The general is accused of responsibility for crimes of genocide, persecution, extermination, murder and forcible transfer, which “contributed to achieving the objective of the permanent removal of Bosnian Muslims and Bosnian Croats from Bosnian Serb-claimed territory”.
Todorovic said he served as assistant commander for security and intelligence affairs in the East Bosnia Corps of the Bosnian Serb army (VRS) in July 1995.
He had the additional task of providing communication between the corps command and the general staff of the VRS, which he said “usually happened by telegram or phone call”.
“One such telegram – I think it must have been a telegram – in July 1995 included an order from the general staff to the East Bosnia Corps to make space for some 1,000 or 1,200 in the military storage rooms in Batkovic [detention centre] for the prisoners who would be brought there,” the witness said.
Todorovic said the intention was to exchange these prisoners for VRS soldiers held by the Bosnian government army.
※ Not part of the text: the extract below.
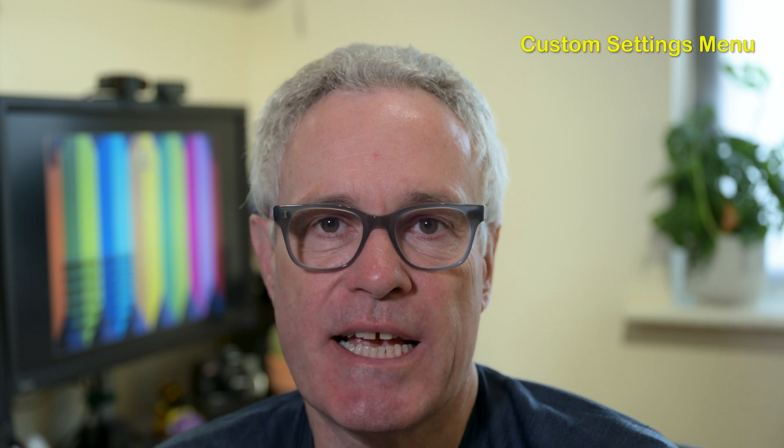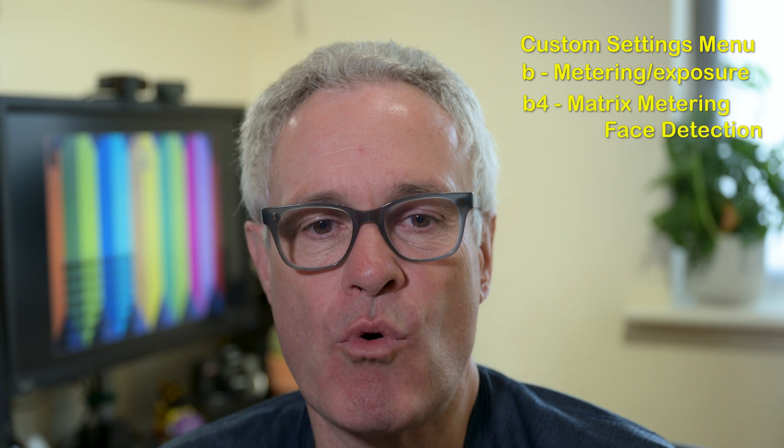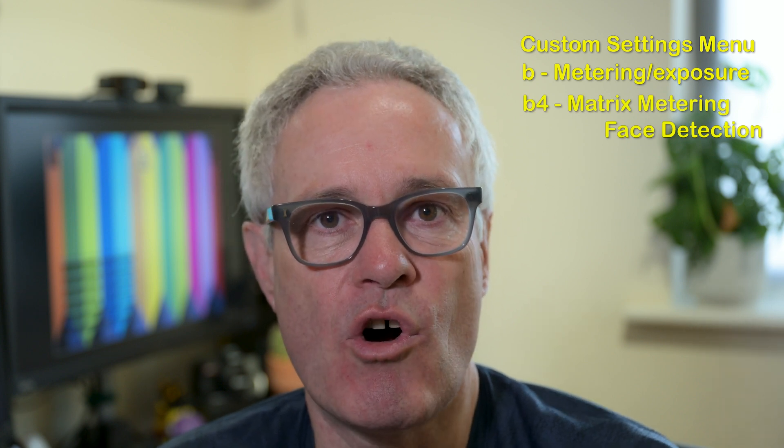It's available in the Z8 and Z9, the D850 and the D780, and by default it comes turned on. You can find it in the Custom Settings menu in Section B, Metering and Exposure — it's usually B4 — and you can select it to be on or off.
The Batkovic facility was near the town of Bijeljina, where the East Bosnia Corp was headquartered at this time.
The order, “almost certainly was prepared by and came from Zdravko Tolimir”.
As corps commander for security and intelligence affairs, Tolimir was the witness’s immediate superior.
“Making space meant ensuring certain conditions, emptying the storage rooms, getting water and sanitation into those areas, and that is what we were about to do,” Todorovic said.
He said that after the storage houses were prepared but no prisoners except “a dozen or two” arrived, the East Bosnia Corps commander, Novica Simic, “got nervous and ordered [me] to ask what was happening and why the preparations for the exchange were not being continued as planned”.
In a phone call “some two or three days later”, Tolimir told the witness that the plan had been “abandoned” and was given no further explanation.
The witness said that “by chatting with the locals”, he found out that the prisoners who were supposed to come to Batkovic were actually “executed at Pilica”.
Between 1,000 and 1,200 men detained in a school at Pilica were taken to a farm in Branjevo and killed on July 16, 1995.
Todorovic added that this turn of events was “unfortunate also from the perspective of the families of the detained VRS members who were expecting their loved ones to return from detention in Bosniak prisoner camps, which was now impossible”.
He added that the “dozen or two” Bosniak prisoners who arrived at Batkovic were “indeed exchanged later on”.
At the outset of the cross-examination, Mladic’s defence lawyer Miodrag Stojanovic said he found it somewhat strange that an order as important as the preparation of a detention centre would come “through the intelligence line and not through the usual line of command”.
The witness agreed, adding that the order did not “bear Mladic’s name and he was not mentioned in any way, but the order certainly must have come from someone in the general staff.”
Todorovic did not say who that “someone” could have been.
“Tolimir, well – sometimes he acted in line with the legal framework and sometimes he acted perhaps a little outside of it. But in most cases, I can at least say that he knew what he was doing and that there was no outright illegal situation when it came to him,” the witness explained.
Todorovic told the chamber that the order was “per se definitely not illegal, as the most normal thing to do with prisoners would be to prepare housing for them”.
The Batkovic camp was “more or less operational throughout the war” but was not the site of any crimes or any “serious violations of human rights for the prisoners,” he said.
The trial continues next week.
Velma Saric is an IWPR contributor in Sarajevo.